Conversely, when I see a lot of these teams that have sponsors that may or not put importance on this, that may or may not have a certain brand image to defend or not defend, I think the potential for the athletes to think, “My team cares more about winning than my team cares about doping and anti-doping.” And even though I don’t suspect that Astana has an internal doping program that they’re giving these guys, but I do see an environment where, was it absolutely clear to the two Iglinskiy brothers, that first the expectation was play fair, second the expectation is, if we win races we win races, because I’m betting that in some of the organizations that don’t have responsibilities to shareholders, that that message is a little bit more muddled.

You have just earned an MBA, and that meant you haven’t been as closely connected with your team for the past year. So, looking at the sport from afar, what lessons have you learned?

When you go through an MBA program, the two things that are abundantly clear about cycling are that (1) it’s very different from the rest of other professional sports out there, and (2) it’s very, very different from the business world as a whole, in that it’s not an effective business model. Basically, professional cycling in general is this continual startup that keeps blundering along and getting funded by new angel investors along the way, but there’s actually no stability, no continuity.

What you’re after as an MBA in an entrepreneurial sense, if you’re building your own business, is you’re after getting past the start-up cycle, getting to a sustainable growth cycle, and then moving forward. In cycling, the way it’s currently set up, it basically is impossible to get to get to that point where it’s sustainable and stable. The second point is the way pro cycling teams are managed, and the way that they’re perceived they’re managed to the outside; it’s not good management practice, as it would be taught at an academic level.

Taking two steps back, I’ve tried to build the Slipstream organization [in a different way]—and most people in cycling would think this is absolutely crazy because they want to keep this nugget of information that always keeps them in a job, in a position of power. And so what I’ve done, because this is flat-out good business practice and one of the biggest things on the MBA program, is to develop an organization that functions perfectly well without me. At the end of the day, I’m developing the strategy and direction of the overall organization. I obviously have a lot of input into our staff selection, rider selection and so forth, but I’m not inserting myself into any one aspect of the organization—whether that’s sponsorship sales, e-commerce, race tactics, bus logistics—so that I’m not absolutely necessary to the equation.

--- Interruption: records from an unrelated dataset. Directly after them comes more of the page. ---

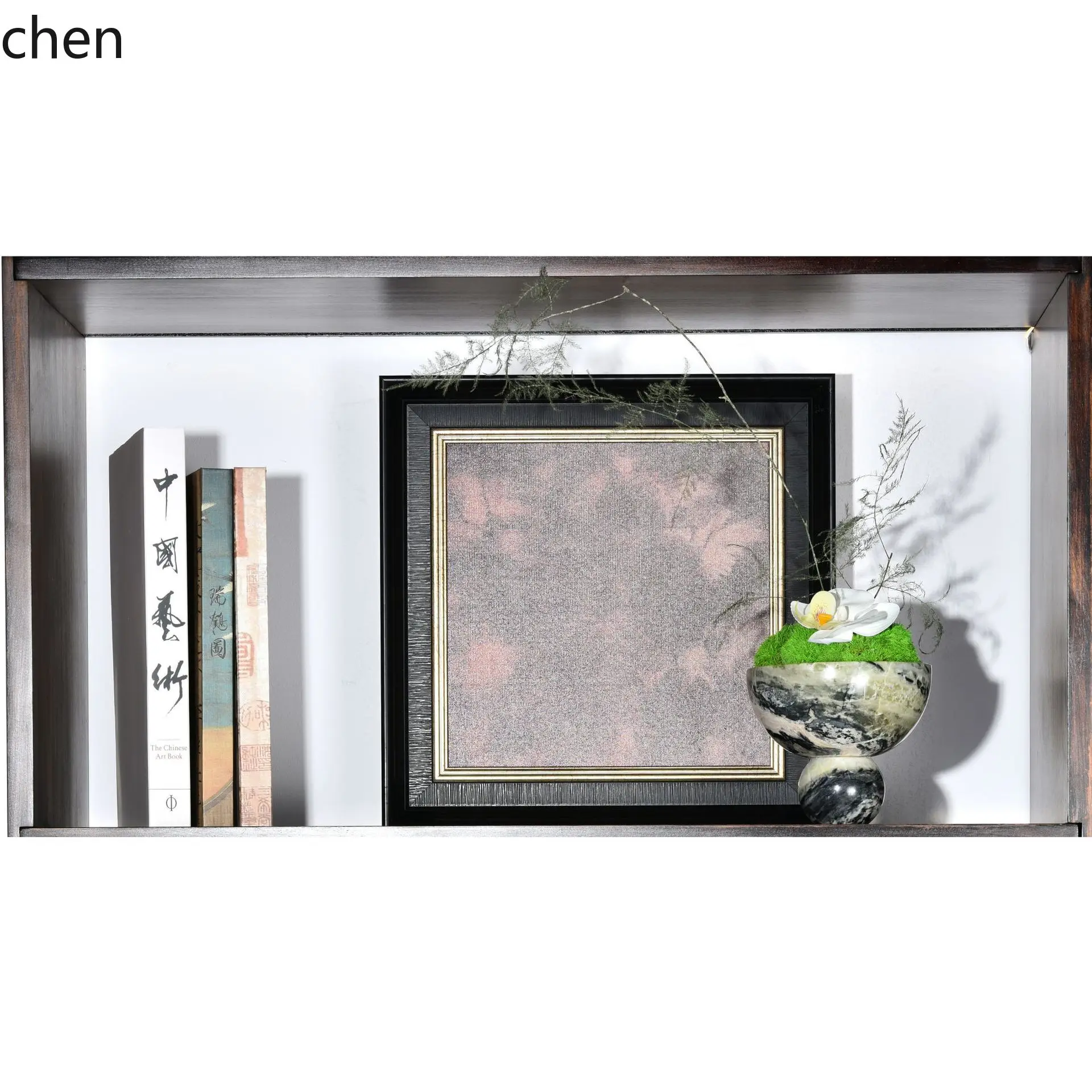 Zml bookshelf decor set - zen-inspired premium office open shelf display - soft decorative accents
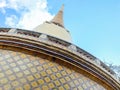 Chedi and wall details at Wat Ratchabopit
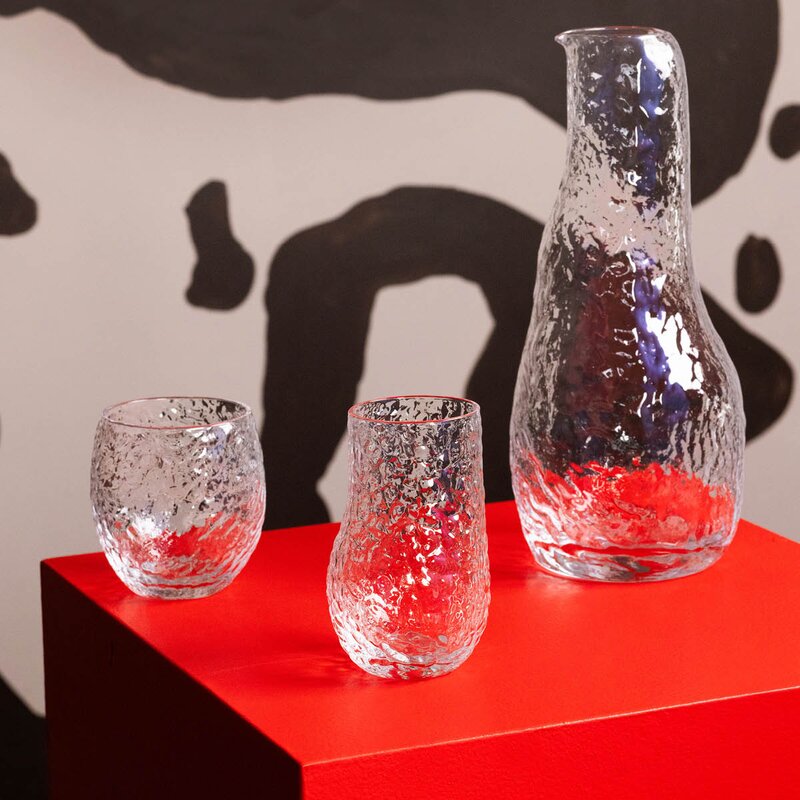Swan vannglass 40 cl 2 stk klar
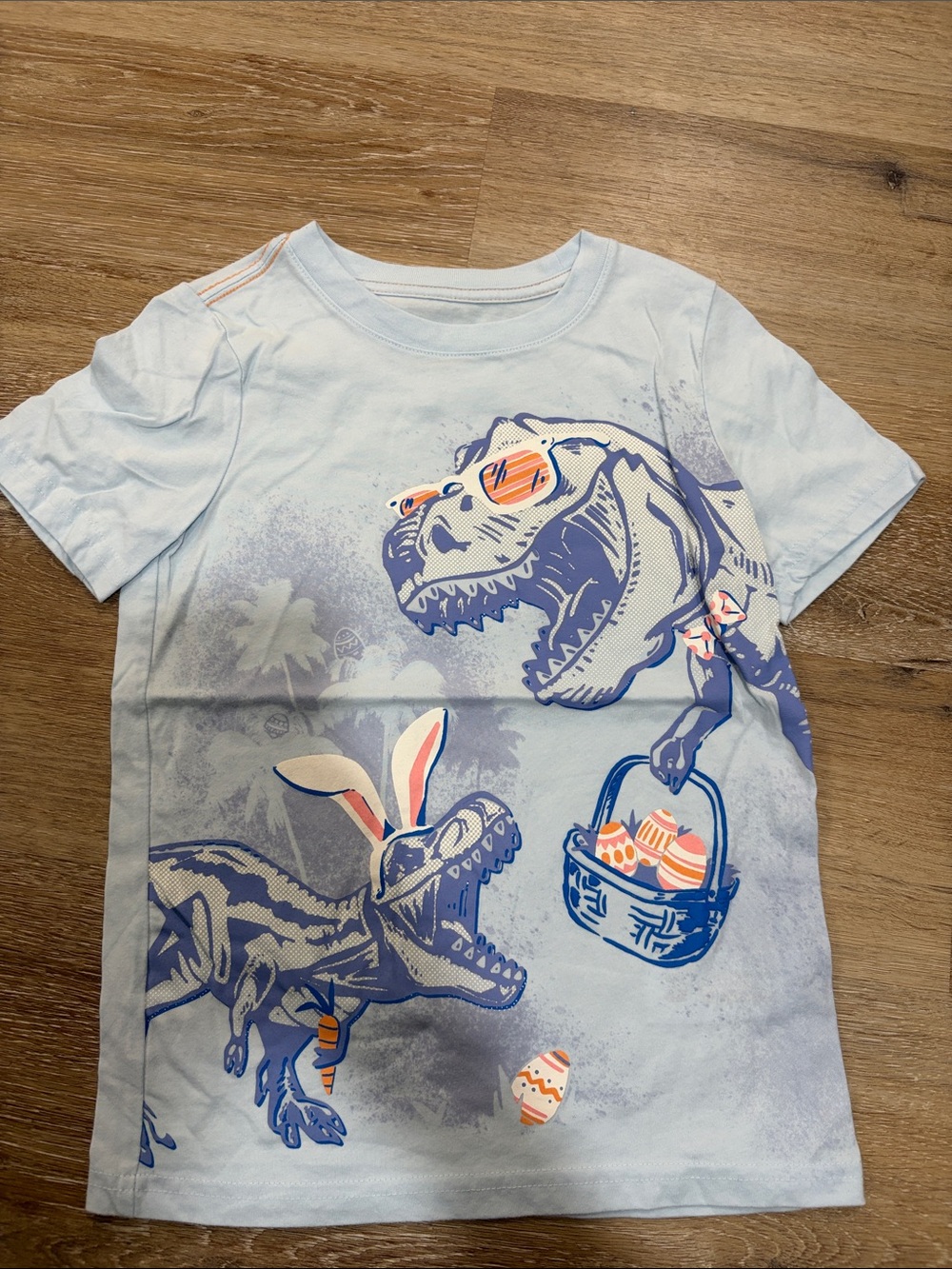 Carter's Light Blue Dino Easter Graphic Tee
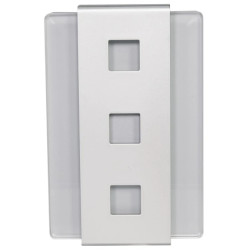 Gong z wbudowanym transformatorem dwutonowy GLASSO 230V srebrny GNW-248 SUN10000168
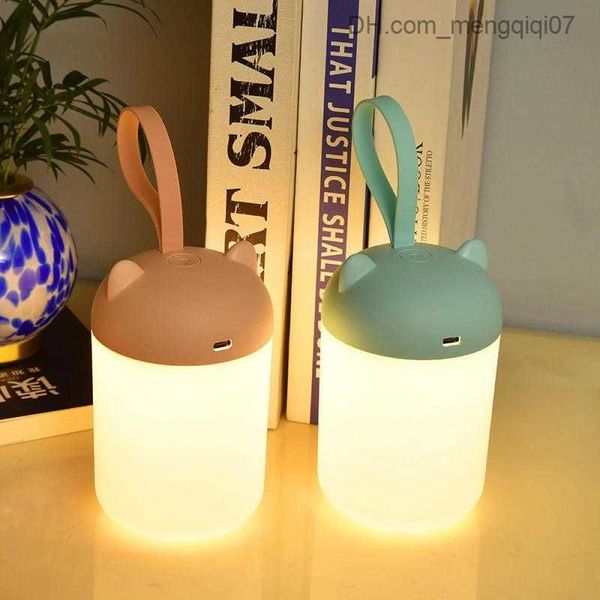 Lampenschirme Nachtlichter Niedliches Touch-Licht USB wiederaufladbar Baby-Augenschutz Tragbare LED Home Wake Up Nachttischlampe für Raumbeleuchtung Z230805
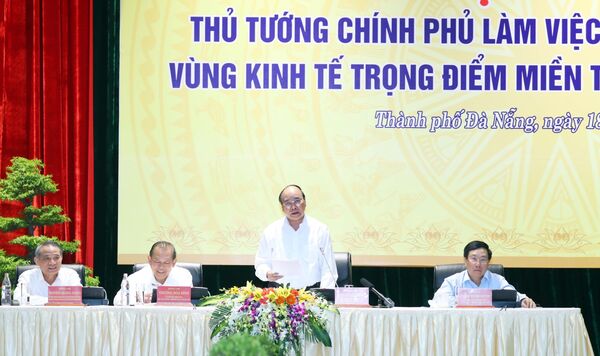 Thủ tướng làm việc với Vùng kinh tế trọng điểm miền Trung và Tây Nguyên - Sputnik Việt Nam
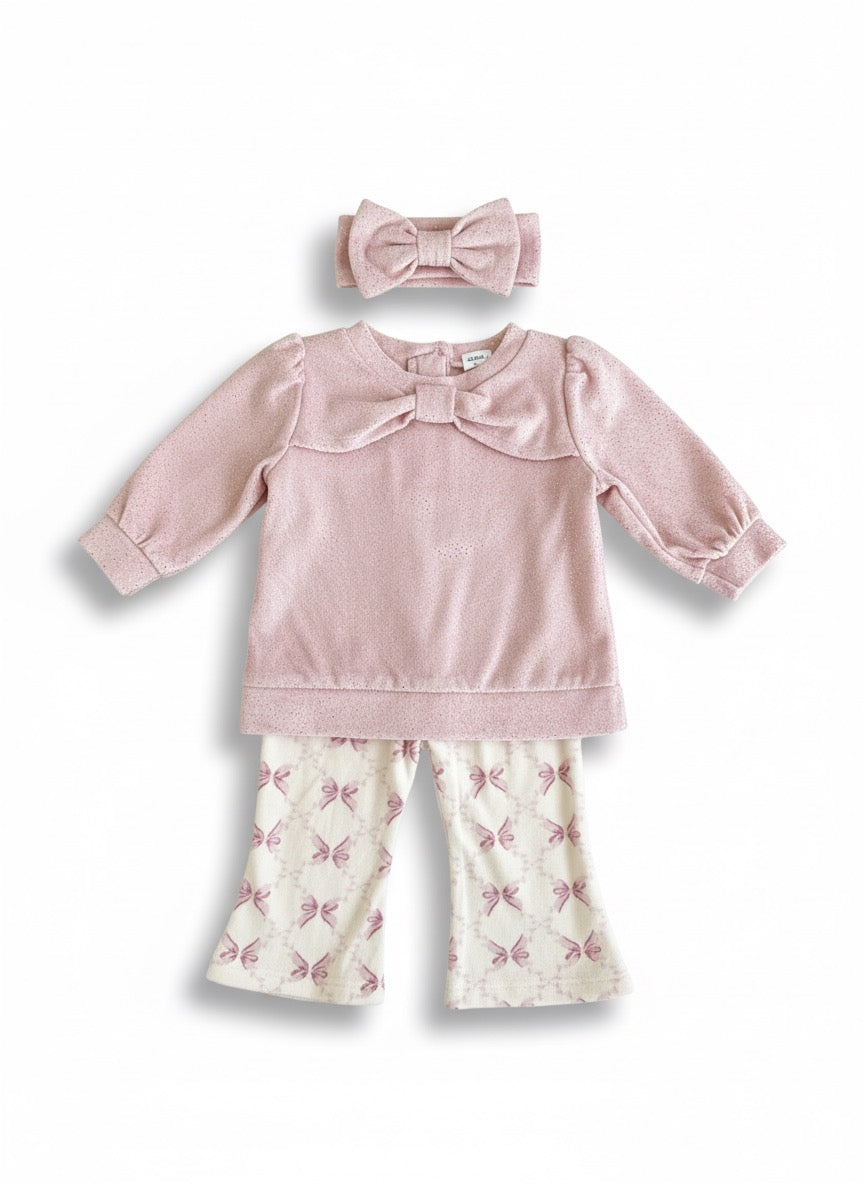 Set pinky soft - 3 piezas | 3-6 Meses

And that’s what a CEO should do. That’s how you manage a good business. But I don’t see that occurring in cycling, simply because your general managers or your top guys—unless they’re like an Oleg Tinkov, whose an owner, and that’s a whole different thing—feel like they need to have a very precise control on a lot things, on rider signings or race tactics or whatever else. The reason they need to have that is, they want to build up this image that they’re the genius and their organization can’t work without this incredible genius at the fore. The biggest thing I learned in the MBA program is that you can’t build a good organization that way; there is no one singular genius or decision maker…. If you build an organization that has a great decision-making process, that has a number of intelligent people, then you’re gonna come out a lot better.